The London congestion charge zone was first introduced in February 2003 and was done so with the promise that by charging motorists to enter it, the zone would help to lower emissions in the surrounding area and increase the quality of air in central London.
To show the effect of the congestion zone, Select Car Leasing has analysed air quality data from three DEFRA UK monitoring points within the congestion zone before and after the charge was implemented and what effect the introduction of further congestion zones may have on air pollution in the UK.
How Air Quality Has Improved in London’s Congestion Zone Since its introduction in 2003
The average decrease in pollutant levels across all three monitoring sites in London 2019:
- Carbon Monoxide levels found to be 62% lower than before the congestion charge was introduced (2002).
- Nitrogen Dioxide levels also decreased by 24%.
- Sulphur Dioxide levels decreased by 60%.
Carbon monoxide levels dropped across all three monitoring sites as soon as the congestion charge was introduced.
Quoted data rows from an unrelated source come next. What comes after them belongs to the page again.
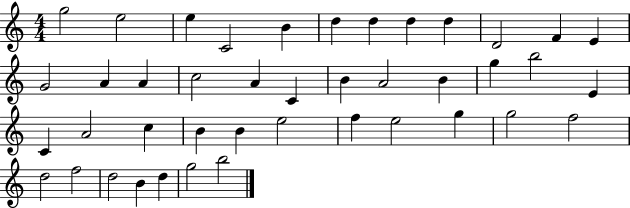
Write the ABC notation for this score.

X:1
T:Untitled
M:4/4
L:1/4
K:C
g2 e2 e C2 B d d d d D2 F E G2 A A c2 A C B A2 B g b2 E C A2 c B B e2 f e2 g g2 f2 d2 f2 d2 B d g2 b2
Carbon monoxide is both odourless and colourless and is caused by an incomplete combustion process which can be extremely harmful to humans. The chemical has been shown cause irritations such as headaches and respiratory problems.
Sulphur dioxide levels in Marylebone have fallen by 62% and 75% in Bloomsbury. Sulphur dioxide is a contaminate caused by combustion engines when sulphur reacts in the atmosphere to form fine particles and other pollutants. This can cause a major health risk, particularly to children.
Nitrogen dioxide has seen a less dramatic fall. Indeed, levels in Marylebone rose in the years immediately after the congestion charge introduction. But then have since fallen dramatically. Nitrogen dioxide causes issues by inflaming the lining of the lungs and reducing immunity to lung infections. Which can then cause problems such as wheezing, coughing, colds, flu and bronchitis.